The present system includes a tree, an insertion module, and a retrieval module. The insertion module inserts a record and the retrieval module looks up a record beginning at a root node of the tree. If unsuccessful, the insertion or lookup of the record is repeated at one or more of the children subtrees of the root node. When a record cannot be inserted into any of the existing nodes, a new node is created and added to the tree as a leaf. At each level, possible locations for inserting the record are determined by a hash of the record key. Consequently, possible locations of a record in the tree are fixed and determined solely by that record. Moreover, inserted records are not rehashed or relocated.

In one embodiment, the index of the present system is stored in WORM storage. The present system includes an index that prevents logical modification of records. The present system ensures that once a record is preserved in storage such as, for example, WORM storage, the record is accessible in an unaltered form and in a timely fashion. While the present system is described for illustration purposes only in terms of WORM storage, it should be clear that the present system is applicable to any type of storage.

Once a record is committed, the present system ensures that the index entry for that record and the path to the index entry are immutable. The path to an index entry includes the sequence of tree nodes beginning at the root that are traversed to locate the index entry.

The insertion of a new record in the present system does not affect access to previously inserted records through the index. Once the insertion of a record into the index has been committed to WORM storage, the record is guaranteed to be accessible through the index unless the WORM storage is compromised. In other words, the record is guaranteed to be accessible through the index unless data stored in the WORM storage can be modified.

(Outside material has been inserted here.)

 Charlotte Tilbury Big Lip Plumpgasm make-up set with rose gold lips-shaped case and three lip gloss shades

The present system supports incremental growth of the index. The present system further scales to extremely large collections of records, supporting a rapidly growing volume of records.

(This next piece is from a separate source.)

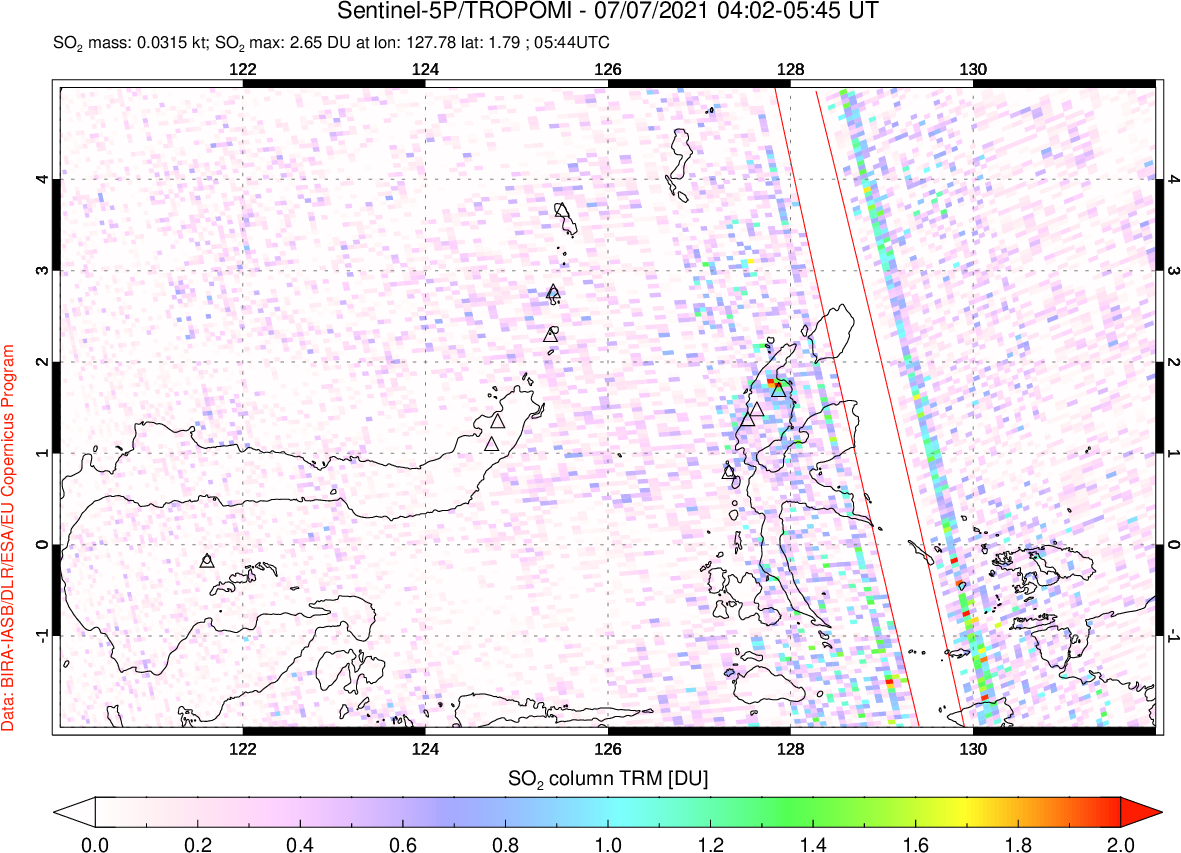 A sulfur dioxide image over Northern Sulawesi & Halmahera, Indonesia on Jul 07, 2021.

The present system exhibits acceptable space overhead. Rapid improvement in disk aerial density has made storage relatively expensive. However, storage efficiency is still an important consideration, especially since storage required to satisfy intense regulatory scrutiny applied to some records storage situations tends to be considered overhead.

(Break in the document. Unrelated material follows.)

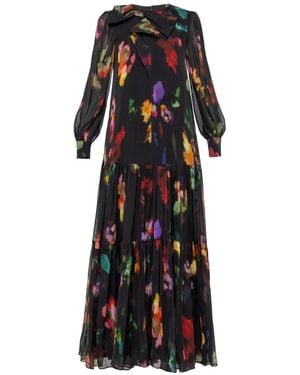 Nissa Robe Longue En Soie À Imprimée Graphique - Black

The present system further supports selective disposition of index entries to ensure that expired records cannot be recovered or reconstituted from index entries. Records typically have an expiration date after which the records can be disposed. To prevent reconstruction of records that have been disposed, index entries pointing to the records also require disposition. In some cases, the expired records and index entries have to be “shredded” so that the records cannot be recovered or reconstituted from the index entries even with the use of data forensics.

However, the smallest unit of disposition (e.g., sector, object, disc) is typically larger than an index entry. In one embodiment, each record includes an expiration date. As the present system inserts a record in a tree, an index entry corresponding to the record is stored in a “disposition unit” together with index entries associated with records having similar or equivalent expiration dates. As the records expire and are disposed, the “disposition unit” is disposed, thereby allowing disposition of only those index entries associated with records that have been disposed.

The present system can be used for any trusted means of finding and accessing a record. Examples of such include a file system directory that allows records (files) to be located by a file name, a database index that enables records to be retrieved based on a value of some specified field or combination of fields, and a full-text index that allows finding of records (documents) including a particular word or phrase.

The present invention may be embodied in a utility program such as a data organization utility program. The present invention also provides means for the user to identify a records source or set of records for organization, select a set of requirements, and then invoke the data organization utility program to organize access to the records source or set of records. The set of requirements includes an index tree type and one or more performance and cost objectives.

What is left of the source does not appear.